Cartridge Lit: Care to list your top five games?

Russell: Of all time? That’s tough. But I will say these five hold a special place in my heart for various reasons: the 1992 X-Men game, River City RansomShining Force IIResident Evil and Super Dodge Ball.

Cartridge Lit: How has your writing life interacted with your gamer life? Has one inspired or influenced the other?

Russell: Gaming bolstered my creativity (and still does). I was always into drawing and writing when I was a kid, but games helped me visually see my stories, how they can/should be paced and viewed, which gave me a better sense of the words I was putting down. I still remember playing Resident Evil for the first time, in the basement with the lights off, being scared out of my mind, realizing I was playing a masterpiece. The writing, the world creation, the ability for me to feel fear from pixeled shapes and perfectly-timed scares was just unbelievably powerful. I mean, this started as a story—that’s what I told myself. Reminded myself. Games helped me to be stronger at visualizing my own stories, my own characters, which has stuck with me ever since. I still remember designing my own fighting game, designing the characters and backgrounds, creating the rules, and daydreaming of it being a reality some day. Similarly, I look for games now with strong stories. Games with great graphics are cool, sure, but I want something that’s going to take me deeper in and give me an emotional reaction to it.

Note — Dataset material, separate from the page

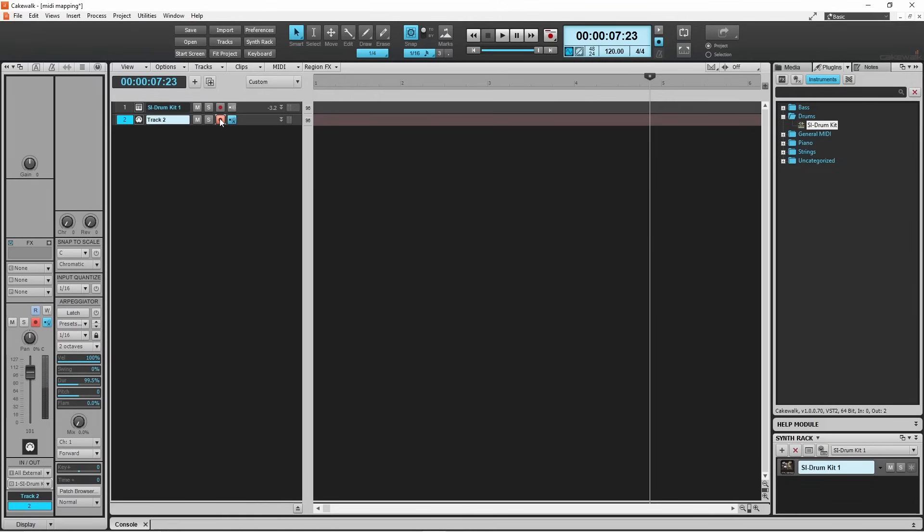Then press the hi-hat pedal down and hit the hi-hat again. Now hit the crash, then hit the ride. Then hit the high tom, then the mid tom, then the floor tom. Then click on the stop icon.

Inspire me to feel something, whatever that might be. The Last of Us was the last game I played to do that—to put the story absolutely first, in my opinion. And it was incredible. And I try to remind myself of that: that storytelling, in any form, in any medium, can be a powerhouse.

Cartridge Lit: Any tips for how others out there can balance a writer’s life and a gamer’s life?

Russell: Like anything—do it in moderation. Games are addictive, and I’ve found they can easily distract me from the stuff I need to be doing, so I try to limit myself really getting into one game at a time, playing only after I’ve finished some sort of self-imposed assignment. But I definitely think there’s room—personally, I need to be playing some game in some fashion for my own sanity. Just helps me think, tune things out, put things together and think about my own writing in a constructive way I can’t duplicate by any other means.

Cartridge Lit: What novel would you like to see turned into a game? What genre would it be? How would it play?

Russell: As I Lay Dying as an 8-bit side-scroller where you play as Cash and have to gather supplies at the end of each level to make Addie’s coffin. Level bosses include: a psychotic Darl, the thick dark river, Anse, and the ghost of Addie. Seriously: I want to play this game.

Cartridge Lit: If someone made a game about your life, what genre would it be? How would it play?

Russell: A platform-puzzler in the vein of A Boy and His Blob. Basically, you’d collect different micro-beers that would transform your sidekick/dog Chewie into different objects to help you beat the level. The final boss would be that guy from when I was a kid who had no nose and wandered all over town and scared everyone. And there would be no sewer level. I hate sewer levels.